The decision, therefore, to bring in Carney to help guide the Canadian government’s response to the COVID pandemic is an interesting one. Carney has proven his unwillingness to budge when it comes to his own political agenda and priorities. For Carney, Brexit was an inconvenience and the will of the British people something that he could overcome by using his position of considerable influence to scare the living daylights out of tens of millions of people. 

Carney’s political activism didn’t’ just stop at Brexit, though. In December 2019, the United Nations Secretary-General Antonio Guterres announced that Carney would lead a new push to make sure that the global financial sector embraced “climate emergency” issues. Carney insisted that “investing for a net-zero world must go mainstream” and, as I have argued previously, initiated a push to completely shift global dependency away from fossil fuels well before renewable fuels have proven to be ready to take the reins. 

Carney, it seems, is heavily influenced by political trends of the day—and in 2019, pre-COVID, it was the climate emergency.

The fact that Carney is now influencing decision making in the Canadian government on the economic and political response to COVID should be concerning to every Canadian, and is immediately recognisable as a problem to anybody who remembers the damage he caused during Brexit negotiations. 
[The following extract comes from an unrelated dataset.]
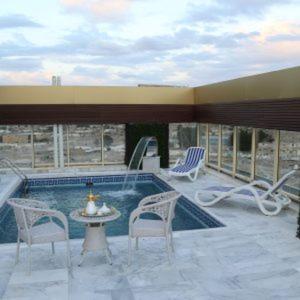 un patio con piscina, sillas y mesa en Areen Hotel Airport en Yeda
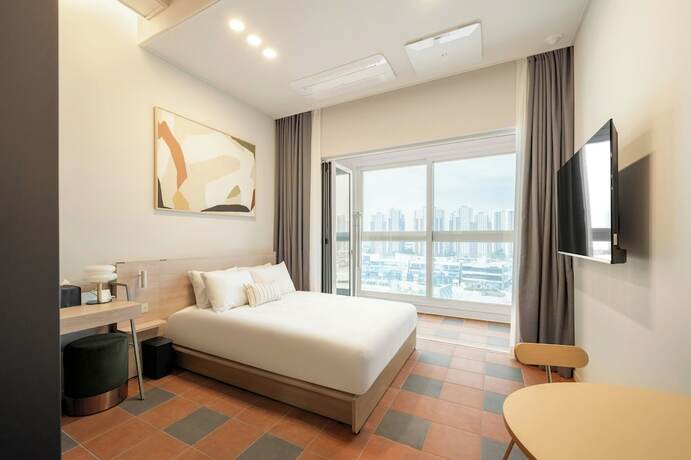 Imagen de la habitación del Hotel Le Collective Siheung Wavepark. Foto 19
Wendy Carlin, Professor of Economics at the University College London, said in April 2020 that, “Like the Depression and the second world war, the Covid-19 pandemic will change how we talk about the economy and public policy.” She was right, and since then, many Western political leaders have indicated their willingness, or desire, to implement major transformative change in the wake of the COVID-19 pandemic. 

That same month, Democratic presidential candidate Joe Biden said that the COVID crisis was a chance to make “Institutional changes,” before going on to employ Stephanie Kelton, the economic adviser behind Vermont Senator Bernie Sanders’ campaign who advocates Modern Monetary Theory. 

On June 22, Canada’s Prime Minister also pondered the “opportunity” COVID presents for Canada, and how in the wake of the virus, people can “think about what kind of future we want to build together.” And right on cue, the CBC egged on the Prime Minister to keep true to his word and “seize” the opportunity to rebuild Canada. 

Mark Carney will provide the Canadian government precisely what is needed to transform the economy, should they wish to be as bold as Joe Biden, in the wake of the COVID pandemic. The former governor of the Bank of England brings a wealth of experience in how to terrify politicians into doing something as radical and deeply troublesome as working against the instructions of the electorate. He also knows what it takes to plough ahead even when proven wrong, and this time around, he is surrounded by political leadership more willing to accept his advice than the British Conservative government has been since 2016. 

Carney may not be the best decision for Canadians who want a return to normal, but he is ideal for people who want something radical, new, and potentially dangerous. 

 

Jack Buckby is a research associate with the Frontier Centre for Public Policy.